Finite-Horizon Structures IV: Local Differential Field Structures Associated with the Projective Y-Structure

This article develops the local differential field-theoretic realization of projective Y-structure within the finite-horizon framework. Starting from a smooth representative of the homogeneous scalar quantity associated with the triplet of finite-horizon structural parameters, the paper constructs the minimal local weighted structures canonically organized by the coherence 1-form attached to that representative. These include Y-compatible vector fields, weighted scalar fields, weighted tensor fields, ThetaY-twisted connections on vector bundles, and weighted divergence operators relative to a chosen reference density. The framework is purely structural and remains pre-dynamical. It does not introduce a metric, variational principle, source term, or equation of motion. Its intrinsic first-order content is carried by the coherence form, while the associated twisted connections and weighted divergence operators depend on auxiliary background choices modified by a universal logarithmic correction term. A central result is that, on the regular locus where the coherence form does not vanish, all weighted structures are locally logarithmically trivial. Weighted scalar fields reduce locally to multiples of the universal Y-weight factor, weighted fields on natural bundles reduce locally to invariant sections multiplied by the same factor, and twisted connections differ locally from background connections by a simple logarithmic correction in adapted coordinates.
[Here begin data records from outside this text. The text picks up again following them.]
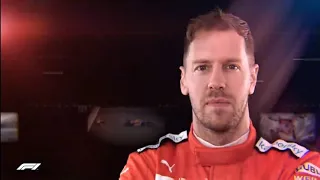 F1 2020 INTRO (LIFT ME UP - MOBY)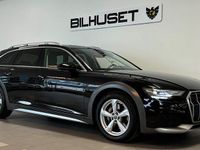 Begagnad Audi A6 231 HK (169 kW) 2019 Svart Kombi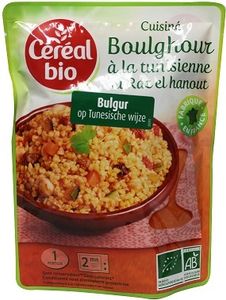 Cereal Bio Soy bulgur tunesische wijze bio (220 gr)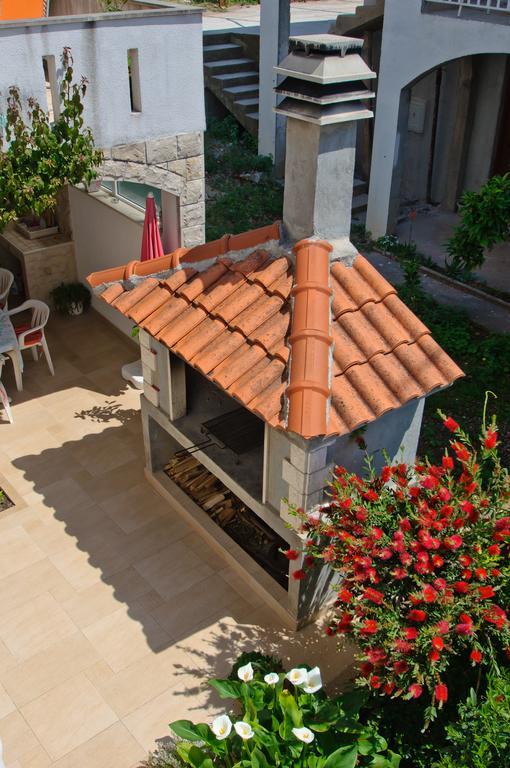 Hella Apartments Trogir Zimmer foto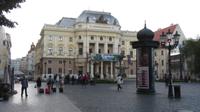 Bratislava - Slowakisches Nationaltheater
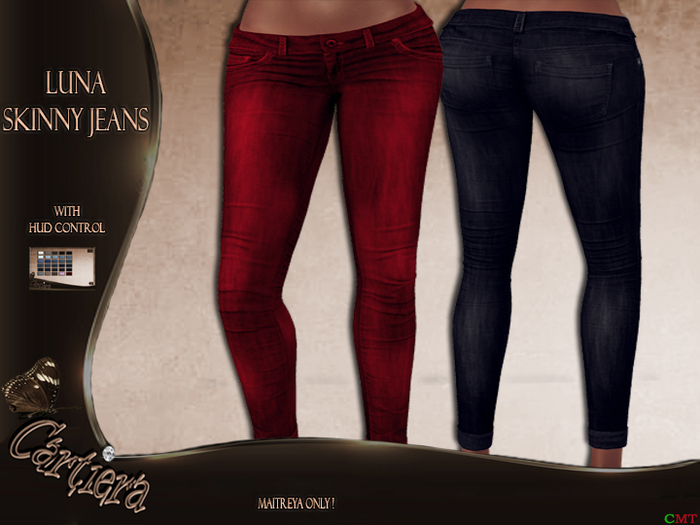 Luna Skinny Jeans
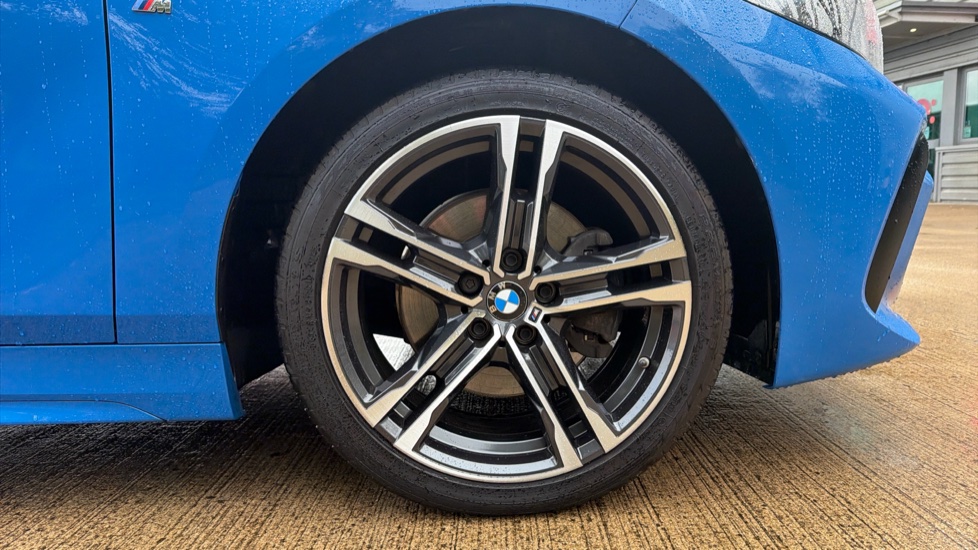 BMW 1 Series 118i [136] M Sport 5dr Step Auto [LCP] Petrol Hatchback - Image 14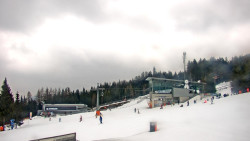 Stuhleckbahn Bergstation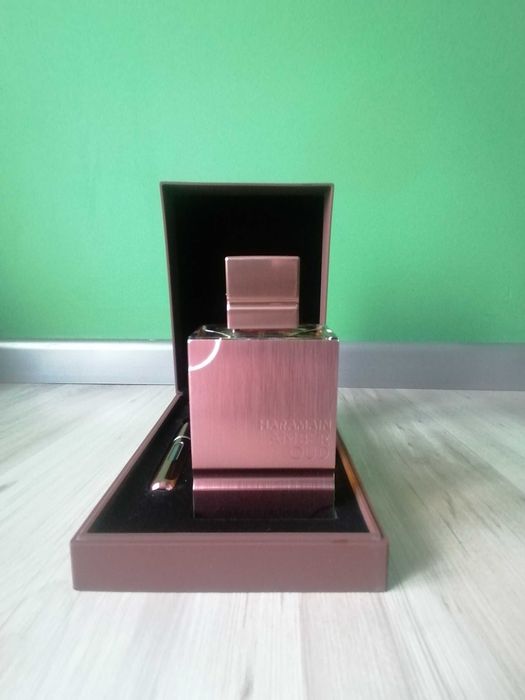 Al Haramain Amber Oud Tobacco Edition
The article therefore identifies the minimal local operator-theoretic infrastructure induced by projective Y-structure, without yet introducing a complete dynamical theory. In this sense, it extends the finite-horizon program beyond its axiomatic, geometric, and measure-theoretic layers into a coherent local theory of weighted fields and operators. This article is self-contained at the local differential level while directly extending Finite-Horizon Structures I–III. Within the broader Ranesis program, it provides the fourth structural layer of the finite-horizon architecture: the local field-theoretic realization of projective Y-structure.